### TASK OBJECTIVE
Please transcribe the data that follows exactly as given, leaving out every picture.
- - - - - - -
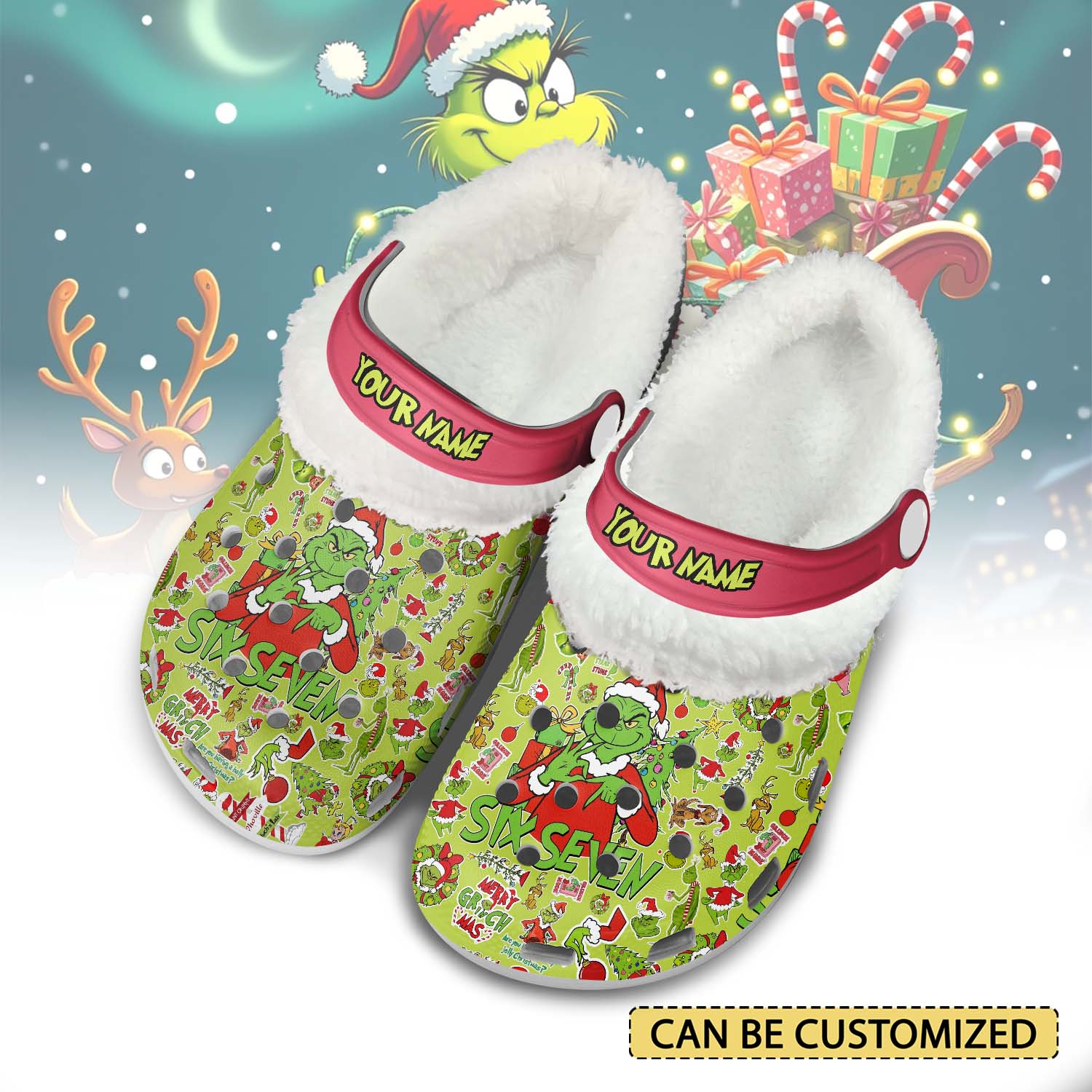 The Grinch x Christmas Crocs Crocband Fleece Lined Clogs Shoes Comfortable For Men Women and Kids In Winter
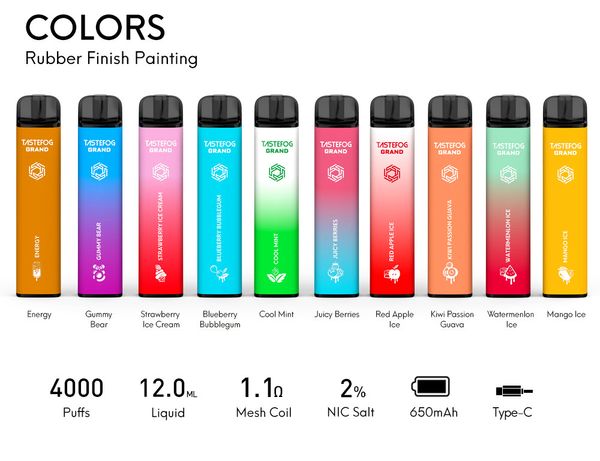 JC 4000puffs 12 ml E-cigarettes rechargeables jetables Look cool Atomiseur de cigarette électronique à options multiples Contactez le service client pour vos besoins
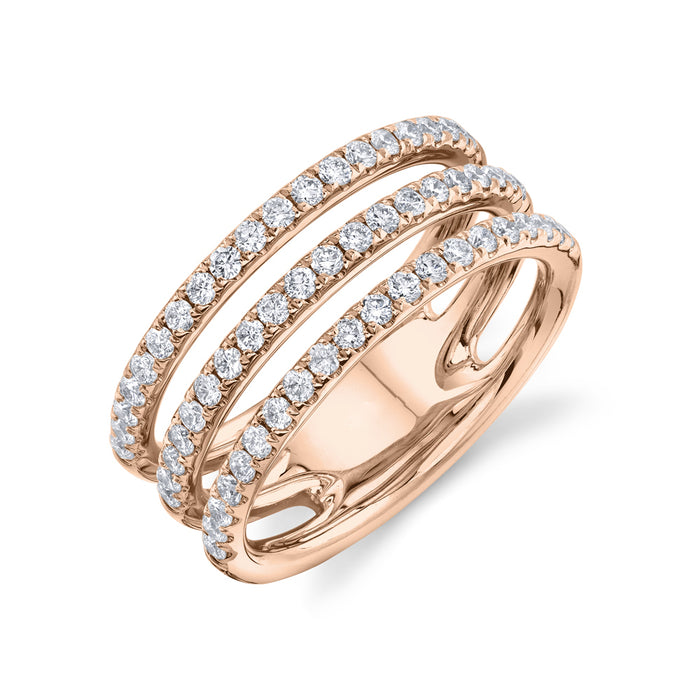 Three Row Pavé Diamond Ring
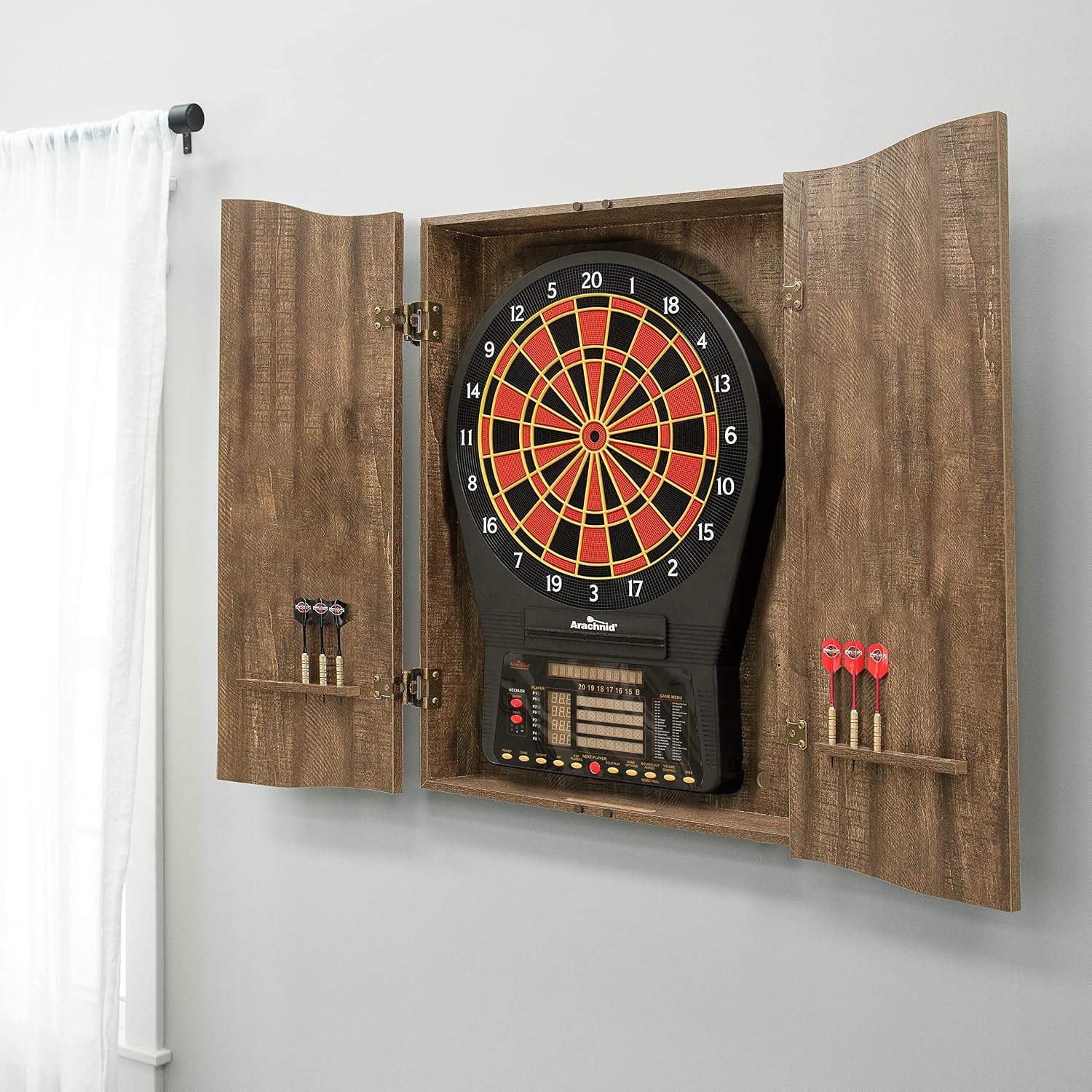 DMI Sports MI Sports Brown CricketPro Dartboard Cabinet | Designed for Arachnid 15.5” CricketPro 900, 800, 750, 650 Electronic Dartboards | Does Not Include Dartboard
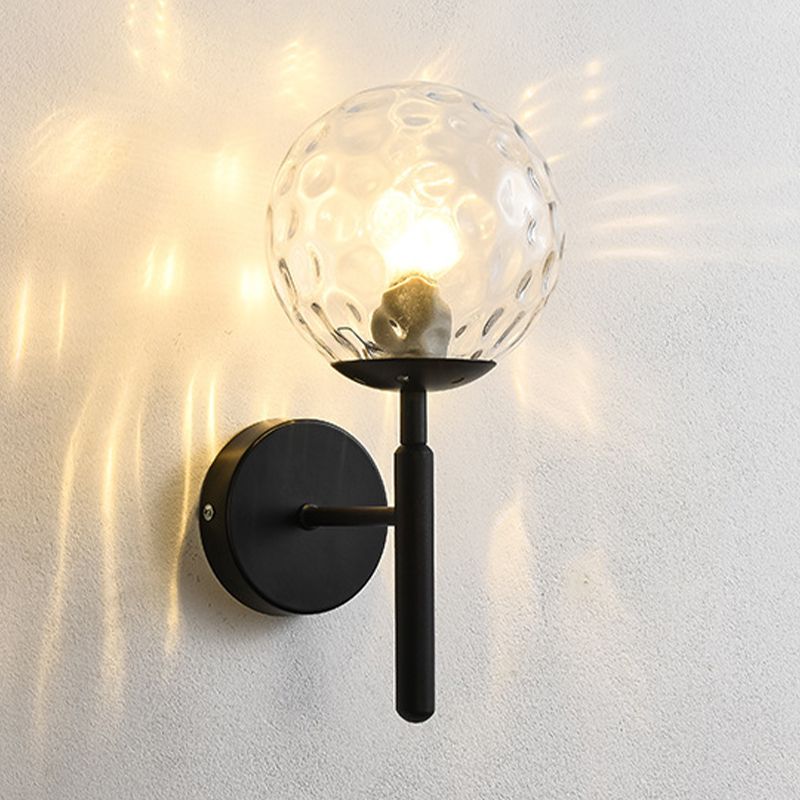 Modern Style Ball Wall Sconce Glass 1 Light Sconces for Bedroom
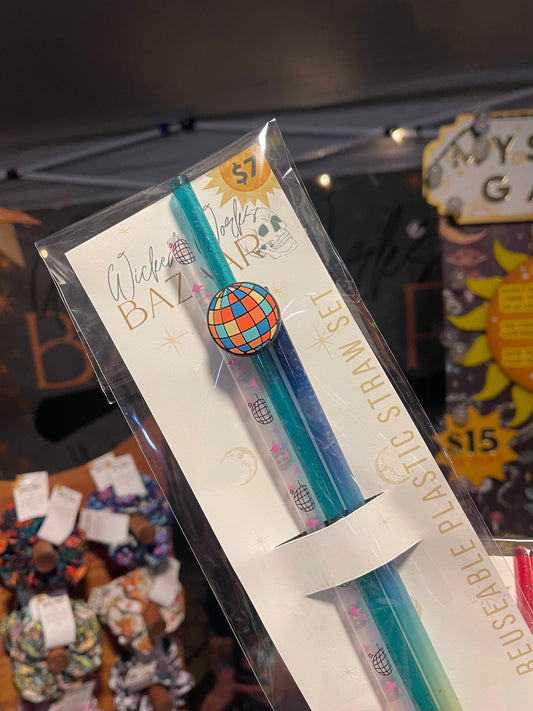 Colorful Disco - Straw + Topper Set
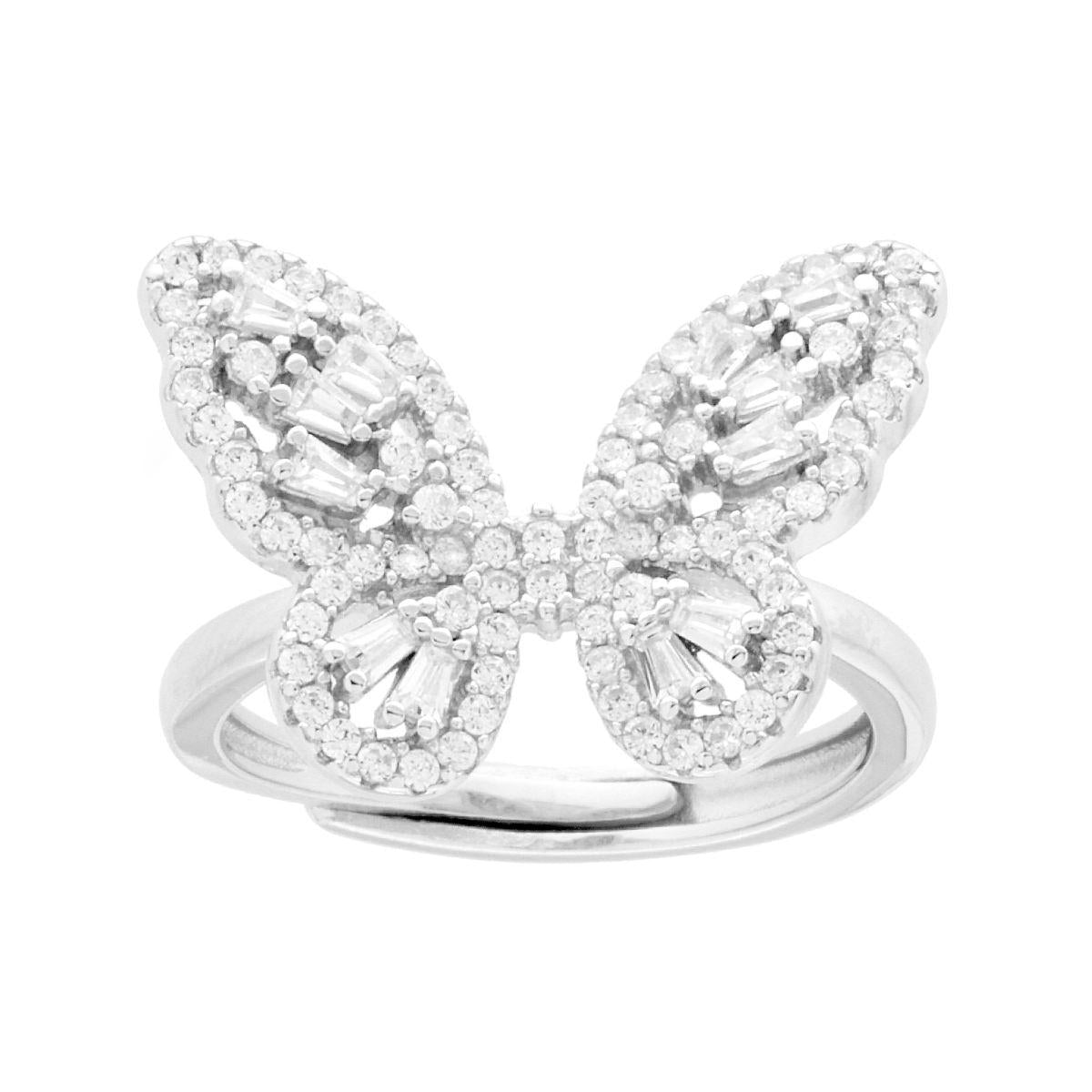 Schmetterlingsring mit weißen Cubic-Zirkonien aus 925er Silber, rhodiniert. - MeinSchmuckShop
- - - - - - -
### RESULT FOR THIS TASK
 The Grinch x Christmas Crocs Crocband Fleece Lined Clogs Shoes Comfortable For Men Women and Kids In Winter
 JC 4000puffs 12 ml E-cigarettes rechargeables jetables Look cool Atomiseur de cigarette électronique à options multiples Contactez le service client pour vos besoins
 Three Row Pavé Diamond Ring
 DMI Sports MI Sports Brown CricketPro Dartboard Cabinet | Designed for Arachnid 15.5” CricketPro 900, 800, 750, 650 Electronic Dartboards | Does Not Include Dartboard
 Modern Style Ball Wall Sconce Glass 1 Light Sconces for Bedroom
 Colorful Disco - Straw + Topper Set
 Schmetterlingsring mit weißen Cubic-Zirkonien aus 925er Silber, rhodiniert. - MeinSchmuckShop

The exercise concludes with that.